The drug is called warfarin sodium. It prevents blood clots, and it can be a lifesaver for patients who've had a heart attack or stroke. It's one of the most widely prescribed drugs in the world.

There is rarely a straight line from idea to invention, but the story of warfarin is particularly twisted. It began on a winter day in the mid-1930s when a farmer showed up at a lab at the University of Wisconsin in Madison.

"He apparently showed up in a blizzard, and he had this can of cow's blood with him," says Kevin Walters, a graduate student in history at the University of Wisconsin who has studied the warfarin story.

The blood came from a cow that had eaten sweet clover hay that had some mold growing in it. The farmer said quite a few of his cows had eaten the moldy hay and had fallen ill with what became known as sweet clover disease.

"The cows eat the hay, and a few days later, they die from bleeding internally, because their blood doesn't clot," says Walters.

The lab the farmer showed up at belonged to a chemist named Karl Paul Link. Link was intrigued by the farmer's problem and decided to try to figure what was happening.

"He redirects his laboratory towards this question of what is it in this hay that is making this cows blood thin out," says Walters.

After years of experiments, in 1940, Link and his colleagues concluded that the blood-thinning molecule arises when a fungus that causes the mold reacts with a natural substance in hay called coumarin. The chemists called the overall blood-thinning compound dicoumarol.

"They realize that the dicoumarol is thinning the cows' blood. Therefore, it could also be used as a blood thinner in human patients," says Walters.

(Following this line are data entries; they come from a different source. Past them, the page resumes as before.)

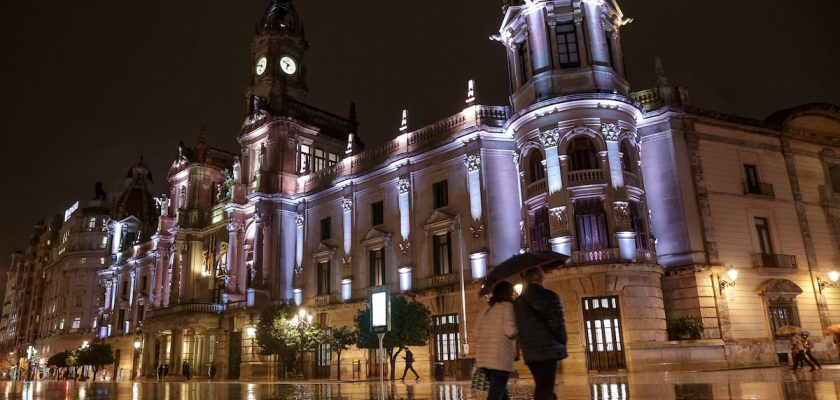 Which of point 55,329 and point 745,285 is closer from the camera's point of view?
point 745,285

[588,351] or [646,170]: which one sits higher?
[646,170]

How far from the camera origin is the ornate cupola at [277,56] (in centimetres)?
4888

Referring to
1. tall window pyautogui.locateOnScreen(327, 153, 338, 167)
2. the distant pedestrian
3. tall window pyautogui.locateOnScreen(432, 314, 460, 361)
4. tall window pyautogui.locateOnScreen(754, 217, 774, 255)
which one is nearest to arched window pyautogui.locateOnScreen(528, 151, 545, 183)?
tall window pyautogui.locateOnScreen(432, 314, 460, 361)

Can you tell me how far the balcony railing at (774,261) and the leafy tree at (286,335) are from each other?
22.9 metres

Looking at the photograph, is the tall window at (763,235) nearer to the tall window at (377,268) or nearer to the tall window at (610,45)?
the tall window at (610,45)

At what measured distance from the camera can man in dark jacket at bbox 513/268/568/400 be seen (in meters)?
6.85

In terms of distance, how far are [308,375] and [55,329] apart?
57.5 metres

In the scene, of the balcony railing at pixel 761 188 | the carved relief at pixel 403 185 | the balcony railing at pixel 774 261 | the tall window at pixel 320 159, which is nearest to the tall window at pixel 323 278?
the carved relief at pixel 403 185

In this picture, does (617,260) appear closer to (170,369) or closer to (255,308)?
(255,308)

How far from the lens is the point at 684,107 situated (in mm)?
30469

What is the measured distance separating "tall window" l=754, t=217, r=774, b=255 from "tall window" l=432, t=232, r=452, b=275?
15612 mm

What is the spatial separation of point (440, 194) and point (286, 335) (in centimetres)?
1175

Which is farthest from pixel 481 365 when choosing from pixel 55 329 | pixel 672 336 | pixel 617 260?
pixel 55 329

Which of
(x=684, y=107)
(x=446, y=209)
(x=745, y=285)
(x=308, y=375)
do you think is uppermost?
(x=684, y=107) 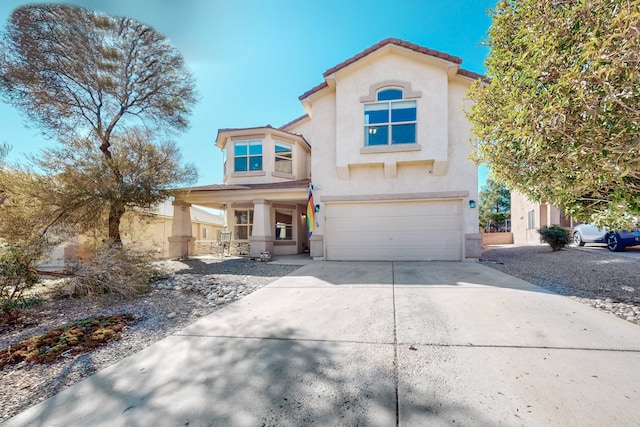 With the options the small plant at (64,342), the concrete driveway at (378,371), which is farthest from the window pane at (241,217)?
the small plant at (64,342)

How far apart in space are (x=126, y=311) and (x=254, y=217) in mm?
6847

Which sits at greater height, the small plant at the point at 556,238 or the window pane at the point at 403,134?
the window pane at the point at 403,134

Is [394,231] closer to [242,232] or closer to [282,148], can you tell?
[282,148]

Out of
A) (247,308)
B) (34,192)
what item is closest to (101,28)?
(34,192)

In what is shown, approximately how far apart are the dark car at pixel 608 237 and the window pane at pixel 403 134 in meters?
7.55

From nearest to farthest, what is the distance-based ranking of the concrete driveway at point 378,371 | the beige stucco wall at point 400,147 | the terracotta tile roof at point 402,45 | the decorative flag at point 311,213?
the concrete driveway at point 378,371 < the terracotta tile roof at point 402,45 < the beige stucco wall at point 400,147 < the decorative flag at point 311,213

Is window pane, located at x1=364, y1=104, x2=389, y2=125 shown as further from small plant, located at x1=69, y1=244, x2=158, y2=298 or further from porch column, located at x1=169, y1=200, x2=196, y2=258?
small plant, located at x1=69, y1=244, x2=158, y2=298

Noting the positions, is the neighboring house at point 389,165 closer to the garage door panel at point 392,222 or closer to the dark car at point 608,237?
the garage door panel at point 392,222

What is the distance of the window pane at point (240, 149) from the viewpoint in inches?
520

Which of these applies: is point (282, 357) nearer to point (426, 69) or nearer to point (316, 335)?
point (316, 335)

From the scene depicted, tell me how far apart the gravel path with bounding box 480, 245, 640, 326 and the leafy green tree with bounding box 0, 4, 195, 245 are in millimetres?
10747

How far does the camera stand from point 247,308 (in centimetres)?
486

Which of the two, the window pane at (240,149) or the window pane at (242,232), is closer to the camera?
the window pane at (240,149)

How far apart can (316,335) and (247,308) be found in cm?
179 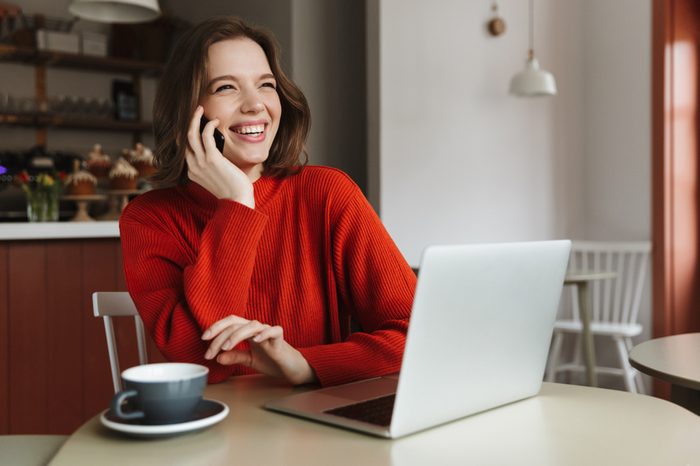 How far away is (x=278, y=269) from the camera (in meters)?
1.40

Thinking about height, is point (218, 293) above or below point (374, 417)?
above

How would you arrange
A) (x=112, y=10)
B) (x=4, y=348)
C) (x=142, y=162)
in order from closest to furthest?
1. (x=4, y=348)
2. (x=112, y=10)
3. (x=142, y=162)

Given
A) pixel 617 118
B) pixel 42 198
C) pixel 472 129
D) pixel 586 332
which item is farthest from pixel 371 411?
pixel 617 118

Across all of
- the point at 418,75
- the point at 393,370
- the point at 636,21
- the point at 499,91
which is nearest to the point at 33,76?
the point at 418,75

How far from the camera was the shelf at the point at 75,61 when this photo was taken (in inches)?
193

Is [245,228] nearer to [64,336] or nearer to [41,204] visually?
[64,336]

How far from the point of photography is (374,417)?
858mm

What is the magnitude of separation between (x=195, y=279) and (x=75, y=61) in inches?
177

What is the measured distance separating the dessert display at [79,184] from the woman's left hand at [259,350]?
242 cm

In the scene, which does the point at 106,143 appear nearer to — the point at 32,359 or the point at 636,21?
the point at 32,359

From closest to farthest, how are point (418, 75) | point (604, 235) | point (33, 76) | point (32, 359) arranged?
point (32, 359) < point (418, 75) < point (604, 235) < point (33, 76)

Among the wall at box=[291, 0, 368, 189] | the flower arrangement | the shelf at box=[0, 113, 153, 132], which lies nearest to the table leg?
the wall at box=[291, 0, 368, 189]

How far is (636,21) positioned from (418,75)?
4.62 feet

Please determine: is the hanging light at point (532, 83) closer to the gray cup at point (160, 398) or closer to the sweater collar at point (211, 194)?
the sweater collar at point (211, 194) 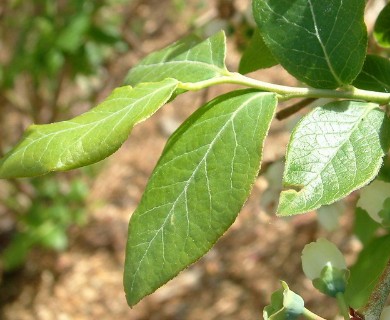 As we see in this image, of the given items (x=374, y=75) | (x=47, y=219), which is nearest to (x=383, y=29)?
(x=374, y=75)

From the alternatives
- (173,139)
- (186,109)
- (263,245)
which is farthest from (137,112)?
(186,109)

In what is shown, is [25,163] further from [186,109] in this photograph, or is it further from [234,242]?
[186,109]

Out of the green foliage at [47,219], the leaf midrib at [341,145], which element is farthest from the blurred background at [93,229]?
the leaf midrib at [341,145]

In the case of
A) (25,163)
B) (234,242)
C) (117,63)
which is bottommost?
(234,242)

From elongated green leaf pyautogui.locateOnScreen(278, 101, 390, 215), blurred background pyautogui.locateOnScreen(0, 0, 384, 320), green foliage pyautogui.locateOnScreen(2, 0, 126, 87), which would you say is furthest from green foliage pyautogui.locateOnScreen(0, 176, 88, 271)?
elongated green leaf pyautogui.locateOnScreen(278, 101, 390, 215)

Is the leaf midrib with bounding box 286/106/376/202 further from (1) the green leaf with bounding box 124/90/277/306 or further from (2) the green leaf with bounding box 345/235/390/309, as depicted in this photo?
(2) the green leaf with bounding box 345/235/390/309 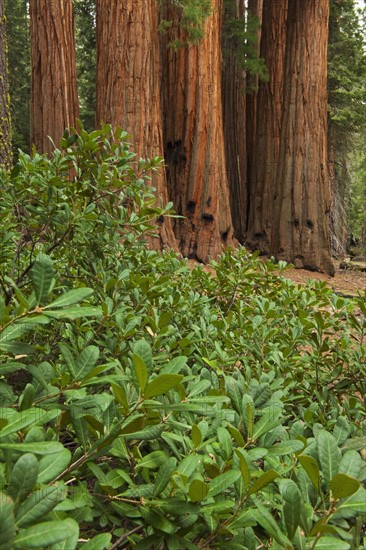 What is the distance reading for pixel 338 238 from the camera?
19.4 m

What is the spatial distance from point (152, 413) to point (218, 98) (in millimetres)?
7535

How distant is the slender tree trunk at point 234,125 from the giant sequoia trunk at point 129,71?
5232 millimetres

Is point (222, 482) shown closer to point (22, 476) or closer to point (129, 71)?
point (22, 476)

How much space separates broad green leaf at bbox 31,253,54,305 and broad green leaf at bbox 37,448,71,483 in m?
0.22

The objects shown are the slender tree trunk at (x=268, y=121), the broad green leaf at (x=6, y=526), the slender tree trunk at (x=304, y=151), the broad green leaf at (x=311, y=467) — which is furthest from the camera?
the slender tree trunk at (x=268, y=121)

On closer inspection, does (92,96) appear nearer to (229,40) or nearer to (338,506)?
(229,40)

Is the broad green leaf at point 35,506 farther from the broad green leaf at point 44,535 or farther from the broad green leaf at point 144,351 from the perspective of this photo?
the broad green leaf at point 144,351

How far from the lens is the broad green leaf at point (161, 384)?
27.9 inches

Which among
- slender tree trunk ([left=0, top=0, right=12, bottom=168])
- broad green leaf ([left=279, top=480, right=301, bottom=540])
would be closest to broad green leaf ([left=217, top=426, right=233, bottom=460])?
broad green leaf ([left=279, top=480, right=301, bottom=540])

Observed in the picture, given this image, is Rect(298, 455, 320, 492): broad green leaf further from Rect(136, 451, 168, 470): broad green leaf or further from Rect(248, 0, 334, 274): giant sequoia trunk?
Rect(248, 0, 334, 274): giant sequoia trunk

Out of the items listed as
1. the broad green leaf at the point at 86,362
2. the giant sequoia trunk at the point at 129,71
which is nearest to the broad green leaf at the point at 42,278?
the broad green leaf at the point at 86,362

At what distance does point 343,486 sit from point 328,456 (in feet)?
0.43

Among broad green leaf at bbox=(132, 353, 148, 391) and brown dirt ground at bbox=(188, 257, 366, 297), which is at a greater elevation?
broad green leaf at bbox=(132, 353, 148, 391)

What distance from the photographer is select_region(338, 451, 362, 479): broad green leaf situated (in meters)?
0.79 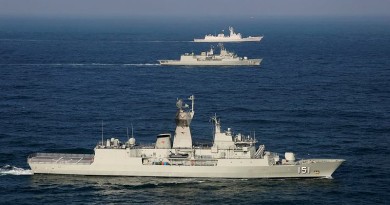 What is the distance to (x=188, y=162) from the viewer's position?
226 feet

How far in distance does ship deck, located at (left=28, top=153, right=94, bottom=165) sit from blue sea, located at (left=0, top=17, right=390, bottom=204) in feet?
4.94

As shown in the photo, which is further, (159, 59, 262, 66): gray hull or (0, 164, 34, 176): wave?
(159, 59, 262, 66): gray hull

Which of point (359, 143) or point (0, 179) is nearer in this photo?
point (0, 179)

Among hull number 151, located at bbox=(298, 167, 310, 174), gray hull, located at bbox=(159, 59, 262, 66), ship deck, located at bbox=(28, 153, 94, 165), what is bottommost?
hull number 151, located at bbox=(298, 167, 310, 174)

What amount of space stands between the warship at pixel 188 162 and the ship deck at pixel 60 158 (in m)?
0.11

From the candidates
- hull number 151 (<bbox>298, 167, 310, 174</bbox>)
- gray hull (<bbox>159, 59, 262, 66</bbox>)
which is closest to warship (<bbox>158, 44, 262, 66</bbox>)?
gray hull (<bbox>159, 59, 262, 66</bbox>)

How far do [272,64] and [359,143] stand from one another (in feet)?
313

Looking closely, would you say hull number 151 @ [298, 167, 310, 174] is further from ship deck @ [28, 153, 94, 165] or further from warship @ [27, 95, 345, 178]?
ship deck @ [28, 153, 94, 165]

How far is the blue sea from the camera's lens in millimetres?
65125

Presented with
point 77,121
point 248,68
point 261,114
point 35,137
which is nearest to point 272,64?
point 248,68

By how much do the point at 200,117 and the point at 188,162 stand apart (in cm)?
3206

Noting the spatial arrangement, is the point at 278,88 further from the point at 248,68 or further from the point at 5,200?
the point at 5,200

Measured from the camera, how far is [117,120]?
9875 centimetres

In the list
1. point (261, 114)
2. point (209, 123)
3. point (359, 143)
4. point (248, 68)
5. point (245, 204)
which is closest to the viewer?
point (245, 204) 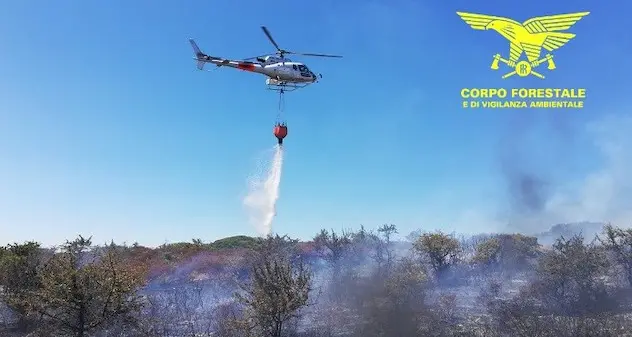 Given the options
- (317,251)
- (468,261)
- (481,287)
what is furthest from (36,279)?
(468,261)

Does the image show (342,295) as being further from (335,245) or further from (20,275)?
(20,275)

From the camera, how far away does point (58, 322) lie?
30.4 meters

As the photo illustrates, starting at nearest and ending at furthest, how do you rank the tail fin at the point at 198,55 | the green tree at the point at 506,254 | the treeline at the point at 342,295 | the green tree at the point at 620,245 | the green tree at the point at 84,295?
the green tree at the point at 84,295
the treeline at the point at 342,295
the tail fin at the point at 198,55
the green tree at the point at 620,245
the green tree at the point at 506,254

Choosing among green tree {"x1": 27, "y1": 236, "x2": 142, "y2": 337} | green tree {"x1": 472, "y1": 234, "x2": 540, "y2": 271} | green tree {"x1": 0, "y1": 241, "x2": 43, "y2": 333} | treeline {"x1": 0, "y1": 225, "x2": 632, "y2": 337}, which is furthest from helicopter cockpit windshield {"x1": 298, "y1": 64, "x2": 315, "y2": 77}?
green tree {"x1": 472, "y1": 234, "x2": 540, "y2": 271}

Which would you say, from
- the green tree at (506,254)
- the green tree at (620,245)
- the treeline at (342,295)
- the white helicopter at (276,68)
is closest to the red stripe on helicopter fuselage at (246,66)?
the white helicopter at (276,68)

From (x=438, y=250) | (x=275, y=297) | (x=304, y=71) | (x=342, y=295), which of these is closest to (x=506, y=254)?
(x=438, y=250)

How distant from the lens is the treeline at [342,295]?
99.0ft

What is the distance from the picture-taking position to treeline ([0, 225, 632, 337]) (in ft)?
99.0

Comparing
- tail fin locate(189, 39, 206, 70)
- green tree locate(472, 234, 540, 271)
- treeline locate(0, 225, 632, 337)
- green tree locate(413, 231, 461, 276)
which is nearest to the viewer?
treeline locate(0, 225, 632, 337)

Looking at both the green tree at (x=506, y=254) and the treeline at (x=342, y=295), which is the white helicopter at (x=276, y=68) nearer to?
the treeline at (x=342, y=295)

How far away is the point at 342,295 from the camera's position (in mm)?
50500

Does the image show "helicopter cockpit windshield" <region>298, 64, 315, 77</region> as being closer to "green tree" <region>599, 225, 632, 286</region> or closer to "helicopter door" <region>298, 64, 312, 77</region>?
"helicopter door" <region>298, 64, 312, 77</region>

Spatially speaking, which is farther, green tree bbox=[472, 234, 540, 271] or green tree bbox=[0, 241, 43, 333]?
green tree bbox=[472, 234, 540, 271]

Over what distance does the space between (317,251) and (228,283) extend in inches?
695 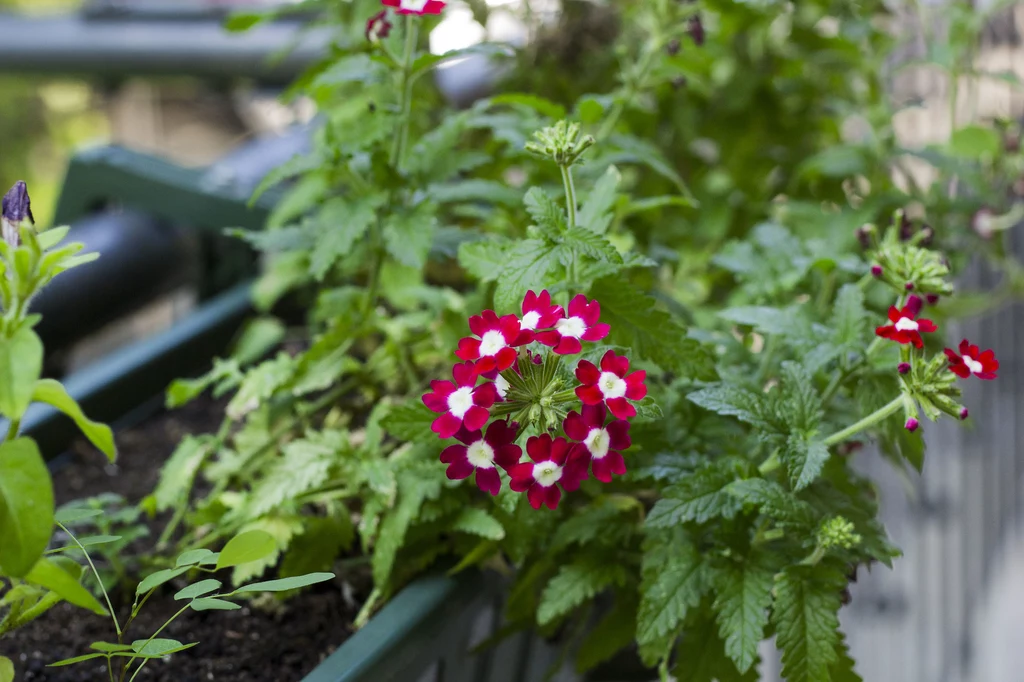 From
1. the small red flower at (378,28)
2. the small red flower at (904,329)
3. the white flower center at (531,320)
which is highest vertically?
the small red flower at (378,28)

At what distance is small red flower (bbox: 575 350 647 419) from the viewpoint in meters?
0.63

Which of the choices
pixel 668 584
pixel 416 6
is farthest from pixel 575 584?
pixel 416 6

Link and his colleagues collaborated with clinicians who tried dicoumarol as a treatment for patients who had life-threatening blood clots, and it worked. It was regularly used for patients at risk for forming blood clots.

But the chemists weren't done. They started making chemical cousins of dicoumarol. One, labeled No. 42, was a particularly potent blood thinner. But Link didn't immediately turn to its potential human uses; apparently, he was interested in building a better mousetrap — literally. He had tried using dicoumarol to kill rodents in the past, but you can counteract its effects with vitamin K, and rats apparently get a lot of vitamin K in their diets. But No. 42 gave him an idea.

"Maybe if we give [No. 42] to rats ... then what happened to the cows will happen to the rats," says Walters, channeling Link all these years later.

It worked. No. 42 became a popular rat poison, and the active ingredient in the poison was named warfarin. The name was coined by Link. It's a mashup of WARF, the Wisconsin Alumni Research Foundation, and coumarin, the chemical found in sweet clove hay.

So how did a rat poison get back to being a drug? Well, like dicoumarol, warfarin prevents blood clots from forming, and in small amounts, a version called warfarin sodium is much easier to use as a human drug than dicoumarol is. It was used to treat President Dwight Eisenhower after he had a heart attack in 1955.

Warfarin sodium went on to become blockbuster drug under the trade name Coumadin.

"And so that's how you get from a sweet clover disease in cows that is causing cows to bleed internally ... to a blood thinner for humans, then a rat poison, and then a more refined, easier-to-take blood thinner called warfarin," says Walters.